Get ready for a vigorous hour of compound full body moves! Kettle bell training involves high intensity intervals that will build muscular strength, cardiovascular endurance, and unparalleled caloric expenditure. The focus of the intervals change throughout the week from aerobic, to anaerobic, to traditional strength work outs. Each workout is filled with basic primal movements, such as pulling, pushing, and squatting with a heavy emphasis on building and maintaining core strength. The tool itself looks like a cannonball with a U shaped handle-it is simply the best single strength modality ever! Swinging the kettlebell creates momentum, a dynamic lost in static, linear controlled ranges of motion. This dynamic range of motion concentrates on the hips, glutes, quads, and hamstrings while utilizing the core, back and shoulders to stabilize the upper body. In short, we work the body as an integrated unit designed for complex ranges of movement verse a segregated group of muscle parts. You will dramatically increase your ability to do any physical endeavor!
What to bring
- Comfortable fitting clothes. Many people will wear some form of spandex or compression shorts. These provide excellent range of movement as well as muscle stabilization. The bottom line is that you want to be comfortable and have unrestricted movement.
- Water bottle – ’nuff said.
- Though we have some yoga mats, sometimes there isn’t enough to go around so, if you have one, it couldn’t hurt to bring it along.
- Don’t worry about shoes – we go barefoot! If that freaks you out, though, some people choose to wear some form of minimalist or “barefoot” shoe.
- You can get sweaty pretty quick around here so having a pair of leather-palmed workout gloves will help you keep your grip while swingin’ those bells!
- If you require support braces of any type you absolutely should bring them.

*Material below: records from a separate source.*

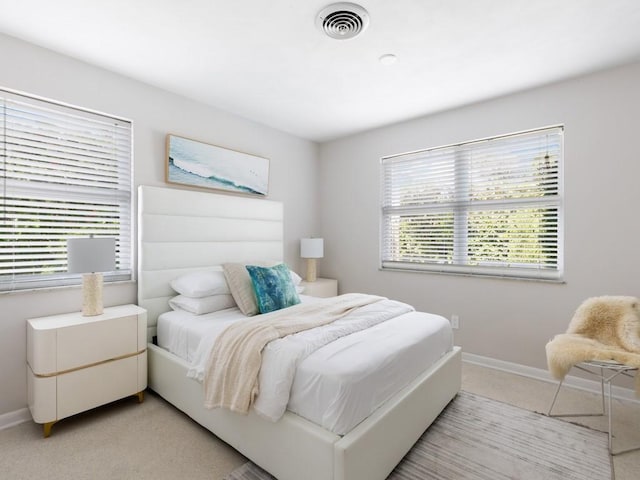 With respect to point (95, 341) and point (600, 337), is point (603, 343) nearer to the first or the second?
point (600, 337)

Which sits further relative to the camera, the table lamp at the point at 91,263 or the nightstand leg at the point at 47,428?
the table lamp at the point at 91,263

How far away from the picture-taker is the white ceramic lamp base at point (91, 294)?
238 cm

An interval based high intensity ride on a top of the line spinner pro bike. The focus is on cardio work that increases endurance levels for any aerobic activity. Certified spinning instructors use music to keep the tempo upbeat and the cadence high for a phenomenally fun and challenging work out.
What to bring
- Comfortable fitting clothes. Cycling specific shorts with padding in the rear will help make your time in the saddle a little more bearable.
- Water bottle – ’nuff said.
- Comfortable shoes OR cycling specific shoes with SPD style cleats.
- Cycling specific gloves aren’t required but can help relieve pressure on the ulnar nerve, especially for those long classes!
- If you require support braces of any type you absolutely should bring them.